◆ Given entries:

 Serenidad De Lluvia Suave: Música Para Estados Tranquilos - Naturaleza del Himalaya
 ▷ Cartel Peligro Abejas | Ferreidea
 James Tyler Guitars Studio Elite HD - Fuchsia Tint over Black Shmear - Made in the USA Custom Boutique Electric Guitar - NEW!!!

...

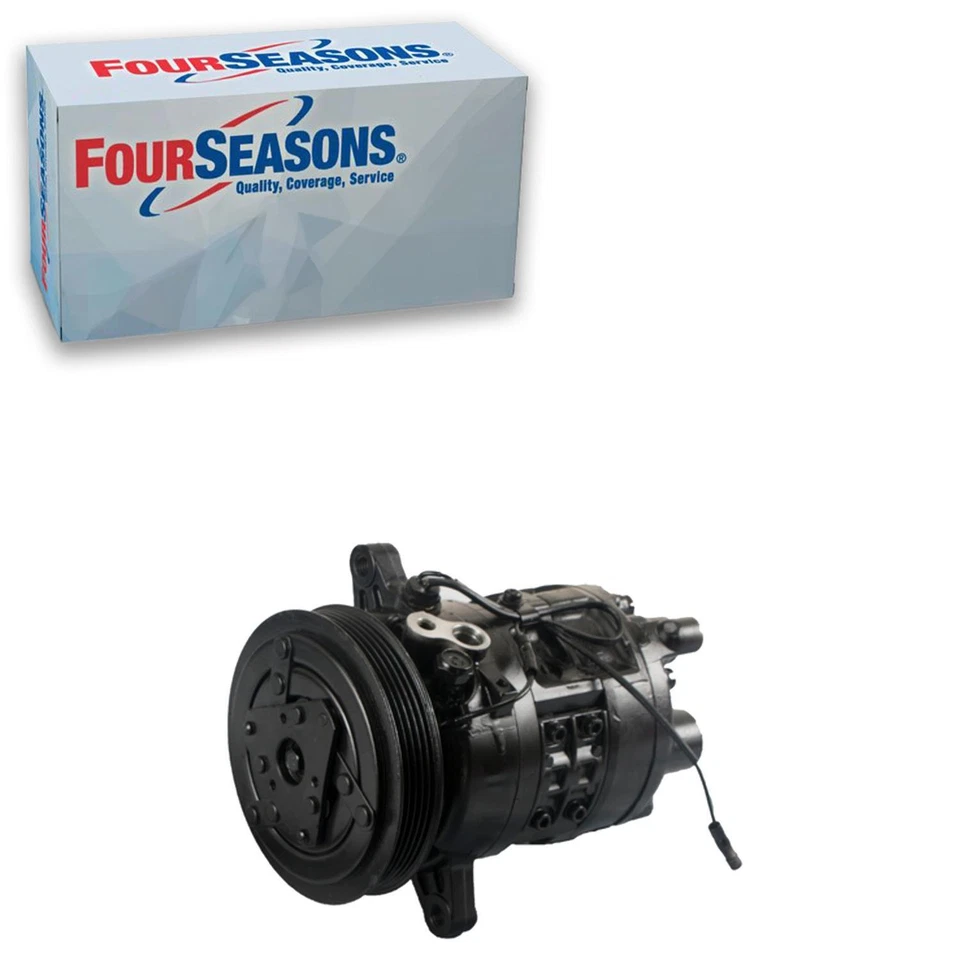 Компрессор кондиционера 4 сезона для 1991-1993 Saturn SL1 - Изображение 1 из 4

◆ Task item: Output the lines above between the one holding "Abejas | Ferreidea" and the one holding "James Tyler Guitars", inclusive, with nothing before or after them.

◆ Your response:
 ▷ Cartel Peligro Abejas | Ferreidea
 James Tyler Guitars Studio Elite HD - Fuchsia Tint over Black Shmear - Made in the USA Custom Boutique Electric Guitar - NEW!!!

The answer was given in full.